Alabama’s First Black Poet Laureate/Making Darkness Light – Poetry News Roundup October 4th

We begin the week with a look at the Alabama poet laureate who is making history and a look at a new biography on the poet John Milton.

Alabama Appoints first Black Poet Laureate

Ashley Jones has been appointed as the first Black poet laureate for Alabama.  She will also be the youngest poet laureate the state has ever had; she is 31. Jones who is a Birmingham native is already a published poet with 3 books published in the last five years.

Jones is a poet who truly believes in the power of the word. She is enthusiastic about her beliefs something that is very evident in her poetry. She has a relationship with the state of Alabama that has evolved over the years, what she describes as a love-hate relationship. It took leaving the area to go to university to make her realise just how much she loved the state of her birth. She credits her success as a poet with being from Alabama. Her poetry is also inspired by this love-hate relationship that she has.
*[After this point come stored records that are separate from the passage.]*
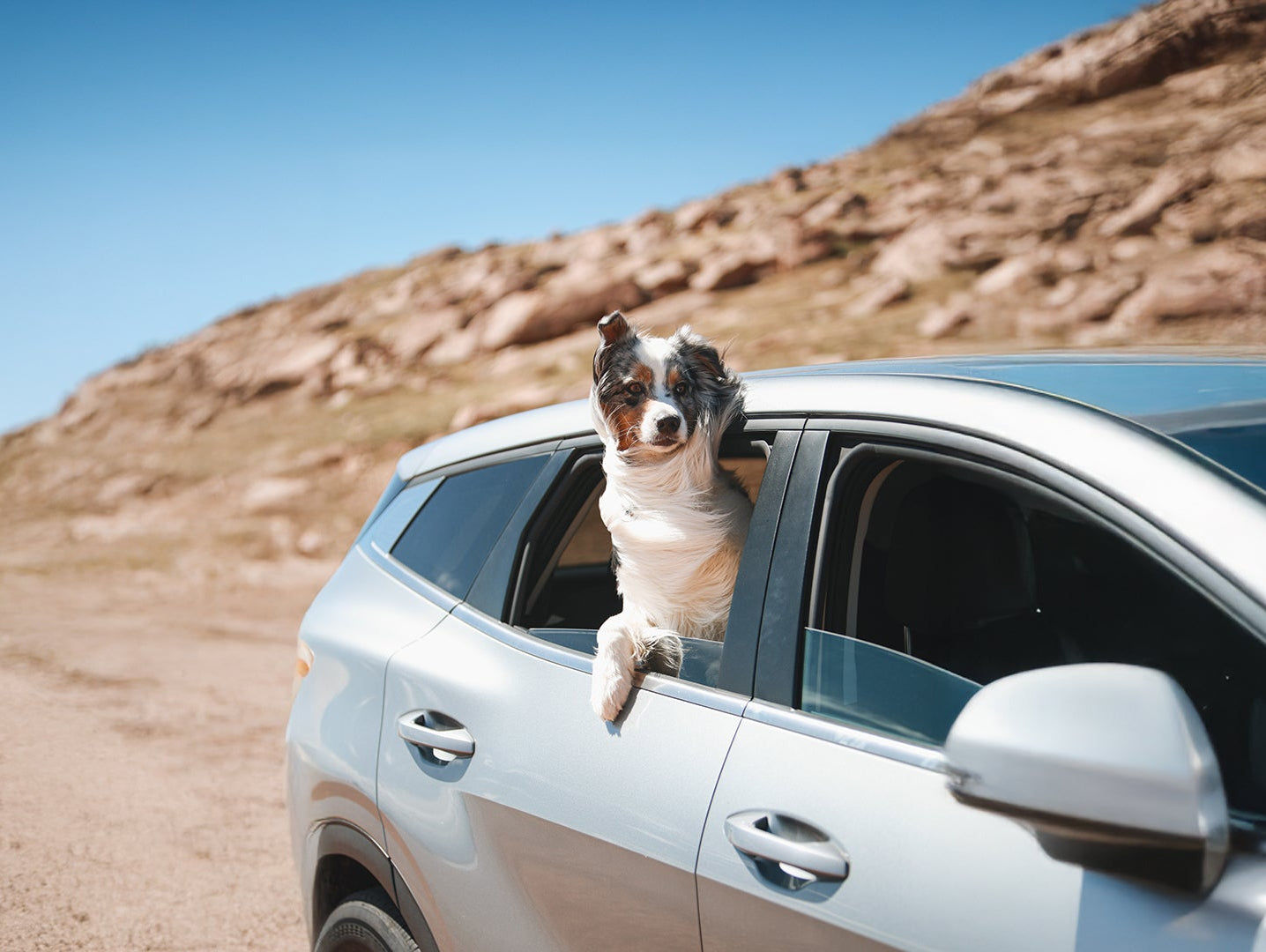Dog riding in car with crash bark belt dog seat belt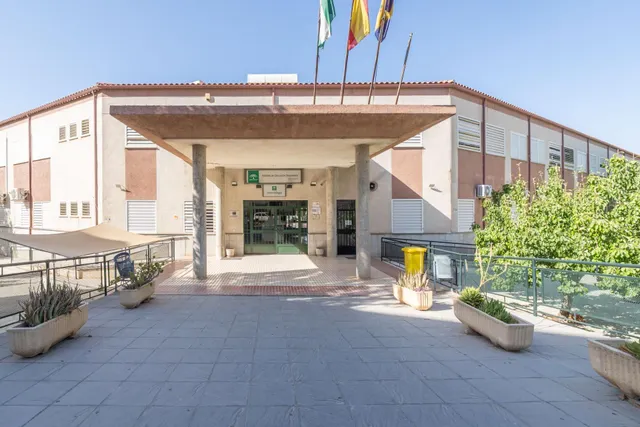 LOCAL DIÁFANO FRENTE AL INSTITUTO Y AL PABELLÓN MUNICIPAL DE OGÍJARES — 23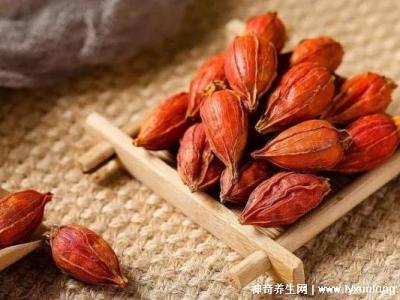 梔子對性功能的影響，適當(dāng)喝能增強(過量喝會引起腎寒/腎氣虛)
Speaking about her appointment to the position several of her colleagues said how fantastic she would be for the position, describing her as the type of person who always worked tirelessly and always showed up when she was needed, empowering those around her to be the best at what they were doing.

Jones currently works as a teacher but in 2018 she created the Mafic City Poetry Festival. This is an annual celebration of literature from the Birmingham area. The festival has gone from strength to strength since its inception. She is hoping to follow in the footsteps of the poet Audre Lorde who stated that poetry was not a luxury but something vital, a life-giving power that everyone had within them and that they should use to create.

She is expected to take up her position officially later this year and will serve as the poet laureate until 2026.

Making Darkness Light

An American Professor, Joe Moshenska has penned a new biography on the life of the poet John Milton in which he looks at key events of the poet”s life and also explores how other well-known writers felt about him

Milton who was born in 1608 has often been referred to as being the second greatest poet in Britain, with William Shakespeare taking first place. Whilst much of his work like Paradise Lost is very well known it is his language that many of those in the literary world had an issue with. Mark Twain claimed if people hadn’t read Paradise Lost, they really wouldn’t want to whilst T.S. Eliot claimed that Milton “violates the English language.” In fact, it might be fair to say that Milton provoked more dislike than any other writer.

The poet had a short-lived marriage to 15-year-old Mary Powell in 1642 – many have previously claimed the reason she left was his impotence however it is also believed it may have been because she found his beating of his students distasteful.

The book is a little different to other biographies about Milton and contains many of the professors own thoughts on the works of the poet.